En los inicios de la novela, el autor desvela cómo funciona la economía
a partir de una metáfora que perfectamente podría considerarse
paradigmática. Dicha introducción caracteriza conceptos que hoy en día
ya son considerados clásicos, como “socialismo” o “crisis económica”, así como otros de tipo más social -“movilidad”, “desigualdad”

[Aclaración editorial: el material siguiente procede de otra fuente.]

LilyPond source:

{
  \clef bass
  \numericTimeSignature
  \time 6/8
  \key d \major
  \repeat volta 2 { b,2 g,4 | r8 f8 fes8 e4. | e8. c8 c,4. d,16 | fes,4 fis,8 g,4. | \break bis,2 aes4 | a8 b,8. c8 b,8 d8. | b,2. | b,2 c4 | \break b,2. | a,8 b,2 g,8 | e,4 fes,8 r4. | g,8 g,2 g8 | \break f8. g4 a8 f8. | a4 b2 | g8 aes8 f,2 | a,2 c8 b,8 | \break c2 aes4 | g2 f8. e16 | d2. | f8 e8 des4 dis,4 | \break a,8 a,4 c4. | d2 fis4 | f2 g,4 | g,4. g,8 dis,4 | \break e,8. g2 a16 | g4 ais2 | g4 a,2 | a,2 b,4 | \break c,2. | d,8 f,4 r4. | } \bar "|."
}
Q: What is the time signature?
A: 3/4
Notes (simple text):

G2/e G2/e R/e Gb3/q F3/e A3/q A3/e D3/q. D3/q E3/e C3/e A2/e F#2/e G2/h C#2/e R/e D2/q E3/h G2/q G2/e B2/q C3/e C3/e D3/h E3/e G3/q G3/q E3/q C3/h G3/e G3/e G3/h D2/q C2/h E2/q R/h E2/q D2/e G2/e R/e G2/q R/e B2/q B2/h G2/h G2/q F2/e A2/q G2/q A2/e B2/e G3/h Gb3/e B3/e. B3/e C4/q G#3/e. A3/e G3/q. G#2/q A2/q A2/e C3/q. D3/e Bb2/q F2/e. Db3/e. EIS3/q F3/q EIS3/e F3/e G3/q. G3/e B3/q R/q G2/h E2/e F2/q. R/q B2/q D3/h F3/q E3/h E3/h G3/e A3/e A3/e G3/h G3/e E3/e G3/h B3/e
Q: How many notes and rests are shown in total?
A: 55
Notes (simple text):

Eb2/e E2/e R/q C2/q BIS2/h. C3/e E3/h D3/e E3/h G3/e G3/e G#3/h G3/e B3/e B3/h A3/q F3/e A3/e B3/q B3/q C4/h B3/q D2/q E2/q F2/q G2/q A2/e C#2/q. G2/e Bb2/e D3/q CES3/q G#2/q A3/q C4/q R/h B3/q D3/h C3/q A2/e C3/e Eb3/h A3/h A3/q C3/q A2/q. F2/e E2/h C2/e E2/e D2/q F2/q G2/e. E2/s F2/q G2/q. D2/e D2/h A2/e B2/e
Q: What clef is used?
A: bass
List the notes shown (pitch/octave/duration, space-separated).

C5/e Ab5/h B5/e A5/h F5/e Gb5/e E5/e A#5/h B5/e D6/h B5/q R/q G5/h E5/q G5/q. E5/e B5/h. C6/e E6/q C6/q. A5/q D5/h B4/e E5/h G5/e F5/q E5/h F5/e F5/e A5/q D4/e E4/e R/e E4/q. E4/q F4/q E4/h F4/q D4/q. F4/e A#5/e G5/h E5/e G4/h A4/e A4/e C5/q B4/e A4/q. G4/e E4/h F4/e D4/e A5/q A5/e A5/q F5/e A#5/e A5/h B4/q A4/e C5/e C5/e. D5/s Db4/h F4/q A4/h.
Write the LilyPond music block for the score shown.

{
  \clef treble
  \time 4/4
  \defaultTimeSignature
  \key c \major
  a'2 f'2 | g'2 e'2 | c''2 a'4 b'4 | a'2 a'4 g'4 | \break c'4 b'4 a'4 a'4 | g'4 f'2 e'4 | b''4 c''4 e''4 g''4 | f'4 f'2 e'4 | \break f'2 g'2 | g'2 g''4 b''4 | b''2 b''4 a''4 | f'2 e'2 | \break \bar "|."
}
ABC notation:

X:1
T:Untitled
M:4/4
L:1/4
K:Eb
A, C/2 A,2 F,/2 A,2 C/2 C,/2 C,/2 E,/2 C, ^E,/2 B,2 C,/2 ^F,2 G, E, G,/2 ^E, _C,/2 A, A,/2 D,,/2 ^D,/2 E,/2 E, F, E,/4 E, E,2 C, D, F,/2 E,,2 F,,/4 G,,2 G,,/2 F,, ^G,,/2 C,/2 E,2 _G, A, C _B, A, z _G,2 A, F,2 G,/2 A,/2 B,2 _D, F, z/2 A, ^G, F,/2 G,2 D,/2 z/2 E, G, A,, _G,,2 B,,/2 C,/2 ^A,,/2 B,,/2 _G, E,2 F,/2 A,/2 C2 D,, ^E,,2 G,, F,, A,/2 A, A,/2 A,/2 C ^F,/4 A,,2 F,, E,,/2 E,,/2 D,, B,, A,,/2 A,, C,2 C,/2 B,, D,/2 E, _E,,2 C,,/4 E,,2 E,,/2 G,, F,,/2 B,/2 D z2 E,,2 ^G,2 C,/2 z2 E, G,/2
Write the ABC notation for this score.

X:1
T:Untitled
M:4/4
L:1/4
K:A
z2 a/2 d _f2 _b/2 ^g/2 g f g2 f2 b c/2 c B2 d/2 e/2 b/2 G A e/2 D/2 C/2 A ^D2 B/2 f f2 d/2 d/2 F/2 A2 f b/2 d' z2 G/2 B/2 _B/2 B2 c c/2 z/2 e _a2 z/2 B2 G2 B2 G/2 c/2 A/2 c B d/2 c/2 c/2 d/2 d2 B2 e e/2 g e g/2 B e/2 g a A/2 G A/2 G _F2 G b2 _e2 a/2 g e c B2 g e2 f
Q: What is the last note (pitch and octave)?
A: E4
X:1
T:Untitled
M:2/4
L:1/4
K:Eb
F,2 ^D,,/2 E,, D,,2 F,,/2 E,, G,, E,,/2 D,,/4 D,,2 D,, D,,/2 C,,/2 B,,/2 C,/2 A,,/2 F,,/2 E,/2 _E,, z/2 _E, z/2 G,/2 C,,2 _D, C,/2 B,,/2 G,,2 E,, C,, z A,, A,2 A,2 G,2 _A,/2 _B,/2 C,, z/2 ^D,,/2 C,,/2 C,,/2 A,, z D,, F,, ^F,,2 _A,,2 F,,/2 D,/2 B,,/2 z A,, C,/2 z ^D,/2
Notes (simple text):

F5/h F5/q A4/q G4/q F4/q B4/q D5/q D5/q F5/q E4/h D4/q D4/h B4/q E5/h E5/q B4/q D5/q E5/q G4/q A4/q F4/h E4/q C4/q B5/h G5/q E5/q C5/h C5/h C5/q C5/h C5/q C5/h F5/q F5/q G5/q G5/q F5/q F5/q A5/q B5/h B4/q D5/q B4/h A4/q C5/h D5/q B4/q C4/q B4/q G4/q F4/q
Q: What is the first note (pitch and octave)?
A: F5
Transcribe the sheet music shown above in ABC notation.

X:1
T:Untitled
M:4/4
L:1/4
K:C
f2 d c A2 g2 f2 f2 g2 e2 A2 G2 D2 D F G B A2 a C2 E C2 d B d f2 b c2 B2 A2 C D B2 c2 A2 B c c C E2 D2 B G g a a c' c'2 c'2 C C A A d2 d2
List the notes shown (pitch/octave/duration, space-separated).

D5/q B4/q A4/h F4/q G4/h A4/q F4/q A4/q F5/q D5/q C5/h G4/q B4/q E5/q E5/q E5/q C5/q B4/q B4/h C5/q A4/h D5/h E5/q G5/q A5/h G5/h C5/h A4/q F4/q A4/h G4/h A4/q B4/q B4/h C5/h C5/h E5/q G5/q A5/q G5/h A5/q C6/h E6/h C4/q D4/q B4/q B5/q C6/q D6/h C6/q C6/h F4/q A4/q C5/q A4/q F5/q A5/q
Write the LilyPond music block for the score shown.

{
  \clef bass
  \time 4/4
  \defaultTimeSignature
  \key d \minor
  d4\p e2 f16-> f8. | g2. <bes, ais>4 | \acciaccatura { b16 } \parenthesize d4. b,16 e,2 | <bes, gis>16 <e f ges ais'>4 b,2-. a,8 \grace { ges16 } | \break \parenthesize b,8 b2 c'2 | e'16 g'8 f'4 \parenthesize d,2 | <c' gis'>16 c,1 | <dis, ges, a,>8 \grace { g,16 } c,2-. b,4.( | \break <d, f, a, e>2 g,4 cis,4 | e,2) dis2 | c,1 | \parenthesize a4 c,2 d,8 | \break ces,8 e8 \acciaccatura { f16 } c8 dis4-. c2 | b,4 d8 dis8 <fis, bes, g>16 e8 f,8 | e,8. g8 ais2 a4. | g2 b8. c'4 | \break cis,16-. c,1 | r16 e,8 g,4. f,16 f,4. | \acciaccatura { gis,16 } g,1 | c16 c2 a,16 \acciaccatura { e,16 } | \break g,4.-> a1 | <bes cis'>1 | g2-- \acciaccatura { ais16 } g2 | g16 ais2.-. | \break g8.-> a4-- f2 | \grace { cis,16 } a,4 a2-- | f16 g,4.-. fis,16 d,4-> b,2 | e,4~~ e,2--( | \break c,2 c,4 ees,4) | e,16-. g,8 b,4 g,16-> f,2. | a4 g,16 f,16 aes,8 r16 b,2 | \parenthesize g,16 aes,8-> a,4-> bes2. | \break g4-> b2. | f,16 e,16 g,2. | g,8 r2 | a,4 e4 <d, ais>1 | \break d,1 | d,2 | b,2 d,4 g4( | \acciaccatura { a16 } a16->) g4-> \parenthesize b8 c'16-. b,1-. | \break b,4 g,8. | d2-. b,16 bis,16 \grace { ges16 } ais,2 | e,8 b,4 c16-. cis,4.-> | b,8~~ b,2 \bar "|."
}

o “moral,”- a la par que muestra la sombría impresión que una buena
parte de su generación compartía sobre el sistema económico de la
época, dejando entrever, también, algunos de los mantras -“el cambio es
imposible”- que usted, lector, deberá juzgar si siguen estando de plena
actualidad, o no.
En un intento de proporcionar al lector una mínima impresión
general del modo en que la gente convivía aquellos días, y especialmente
de las relaciones entre los ricos y los pobres, quizá lo mejor que puedo hacer es comparar
la sociedad de aquellos días con un carruaje prodigioso al que las
masas de la humanidad estuviesen unidas con arreos y del que tirasen
laboriosamente a lo largo de un camino muy montañoso y arenoso.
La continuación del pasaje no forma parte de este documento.